Tak banyak orang (mungkin) yang mau bekerja sukarela (volunteering). Selain karena persoalan waktu, soal balasan/imbalan/upah/kontraprestasi juga sering menjadi pertimbangan tersendiri. Sebenarnya, bekerja sukarela sudah lama menjadi bagian dari masyarakat Indonesia. Hal ini tampak dalam kegiatan-kegiatan sosial seperti kerja bakti, gotong royong, dan sebagainya. Namun, seiring dengan semakin sibuknya kehidupan modern, maka lebih mudah bagi masyarakat sekarang untuk membayar orang melakukan suatu pekerjaan daripada terlibat dalam pekerjaan tersebut. Misal dengan membayar hansip untuk menjaga lingkungan tempat tinggal daripada menjalankan metode sisklamling bergilir. Tentu saja tidak ada yang salah dengan hal itu. Barangkali memang seperti itulah mekanisme yang lebih pas untuk kehidupan masyarakat Indonesia jaman now.
Tapi, tidak begitu dengan di Swedia. Volunteering di sini, adalah hal yang jamak. Kegiatan sekolah, dari mulai hal-hal teknis seperti memasang gantungan baju overall hingga mengelola pameran, sering melibatkan peran orang tua. Begitu juga dengan kegiatan kommun (semacam lingkungan kelurahan/kotamadya) yang dilaksanakan dengan partisipasi aktif dari masyarakatnya. Tentu saja tak ada paksaan. Mau ikut ayo. Tidak ikut ya boleh-boleh saja. Namanya juga sukarela.Namun, pola pikir di sini mempercayai bahwa volunteering merupakan bagian dari good will sekaligus efektivitas. Melakukan pekerjaan sukarela menunjukkan bahwa seseorang memiliki kepedulian. Sekaligus, dengan menggunakan bantuan dari para volunteer, pengeluaran dapat dihemat dan uangnya bisa dialokasikan untuk hal lain yang lebih penting. Sudah menjadi rahasia umum bahwa biaya yang harus dikeluarkan untuk mempekerjakan seseorang di Swedia sangatlah tinggi, sehingga volunteering merupakan solusi yang cukup efektif. Terutama untuk hal-hal yang tidak membutuhkan kualifikasi dan/atau kompetensi khusus.

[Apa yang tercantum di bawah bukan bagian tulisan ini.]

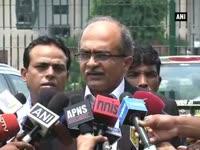sc-issues-notice-to-states-uts-on-legalising-passive-euthanasia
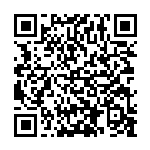 QR Code: http://docs.daz3d.com/doku.php/public/read_me/index/65025/start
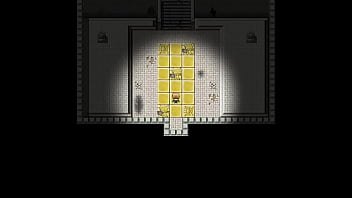 【rpg游戏 pc 安卓】永生之物，从清纯变淫乱的芙洛蒂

Hal ini sebenarnya juga terindikasikan saat Anda mengunjungi IKEA, terutama bagian restorannya. Di restoran ini, seperti yang mungkin sudah Anda ketahui, Anda diminta untuk merapikan peralatan makan Anda sendiri dan menaruhnya di rak yang sudah disediakan. Kebiasaan ini sebenarnya merupakan bagian dari usaha untuk menghemat pengeluaran (dengan tidak menambah pekerjaan pelayan restoran) sekaligus soal efektivitas waktu.

Bagi saya sendiri, bekerja sukarela adalah salah satu cara saya untuk memanfaatkan keleluasaan waktu. Sejak memilih menekuni profesi menulis, praktis saya punya lebih banyak waktu daripada sebelumnya. Tenggat yang fleksibel (kadang-kadang), juga tuntutan yang tidak seberat pekerjaan penuh waktu membuat saya bisa mengikuti kegiatan ini-itu di Lund. Selain itu, saya juga merasa, bekerja sukarela memberi saya pengalaman-pengalaman baru, teman-teman baru, serta peluang-peluang baru yang bermanfaat bagi profesi saya sekarang, juga kedepannya nanti.

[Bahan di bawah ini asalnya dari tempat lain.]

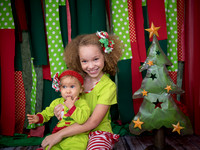 163Navidad-1157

Maka sekitar setahun terakhir ini, saya aktif di tiga aktivitas sukarela di Lund. Pertama, saya aktif di perpustakaan sekolah anak saya.
Kedua, saya bergabung dengan grup turisme Lund.
Dan belakangan, saya juga menjadi penulis blog sukarela (volunteer blogger) di satu website yang berbasis di Stockholm dan ditujukan untuk para pendatang baru di Swedia (tulisan pertama saya bisa dibaca di sini).
Ketiga hal tersebut menjadi pengisi waktu (sekaligus distraksi positif) saya selain menulis dan mengerjakan pekerjaan rumah sehari-hari. Saya memang tidak mendapatkan imbalan dari kegiatan-kegiatan tersebut, tapi obrolan hangat di sela-sela fika setiap Kamis pagi, aktivitas “berburu” foto di sudut-sudut Lund, “pelajaran” bahasa Swedia di grup FB, serta kesempatan untuk membagi kisah saya dengan pembaca yang lebih luas, ternyata sudah cukup memperkaya batin saya.